Aymoré também defendeu garantias para que os magistrados possam exercer suas funções estatais para melhorar a prestação de serviços aos cidadãos. Por isso, ofereceu sugestões aos parlamentares sobre a matéria, entre elas, a exclusão da magistratura deste projeto de lei, por acreditar que o sistema não assegura aos magistrados as garantias mínimas para o desempenho de sua função.

Outra proposta apresentada por Aymoré foi a suspensão da tramitação do projeto até que esteja aprovado o Projeto Lei Complementar (PLP) nº 92/07, que regulamenta as fundações estatais. Ele também sugeriu a criação de fundos de previdência complementar específicos para cada um dos poderes da República.

Jusprev

Durante os debates, o vice-presidente da AMB explicou o funcionamento do Jusprev, plano de previdência complementar próprio da magistratura e do Ministério Público nacional, que acaba de ser constituído  com funcionamento autorizado pela Secretaria Nacional de Previdência Complementar. É uma modalidade de previdência com regras próprias, definidas em legislação específica – a Lei complementar nº 109/2001 –, e com autonomia administrativa e financeira.
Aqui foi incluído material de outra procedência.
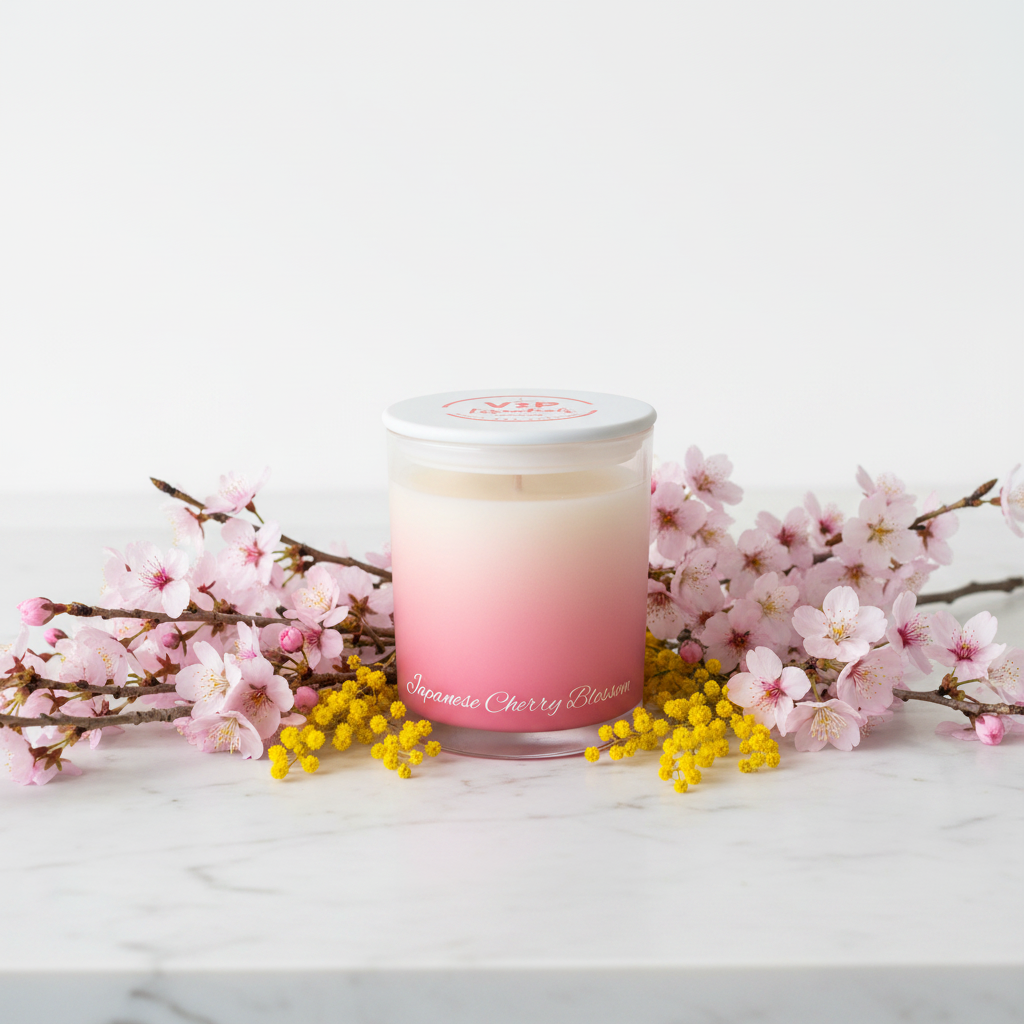 Japanese Cherry Blossom Soy and Coconut Candle – Elegant Blush Pink Vessel (285g) (Copy)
O Jusprev é uma entidade fechada de previdência complementar privada sem fins lucrativos. Foi instituído por associações de magistrados e do Ministério Público e por cooperativas de crédito vinculadas a membros destas associações. O objetivo do fundo é oferecer aos seus associados planos de benefícios previdenciários mais vantajosos que os oferecidos no mercado por bancos e seguradoras.

Só em 2008

Devido às divergências e à solicitação de um debate mais amplo sobre a matéria, o  presidente da CTASP e relator do projeto, deputado Nelson Marquezelli (PTB-SP), afirmou que a Comissão só votará o projeto no início de 2008. Até lá, serão promovidas mais discussões com a sociedade e os fundos de previdência já existentes, para colher sugestões e aprofundar o conteúdo do PL.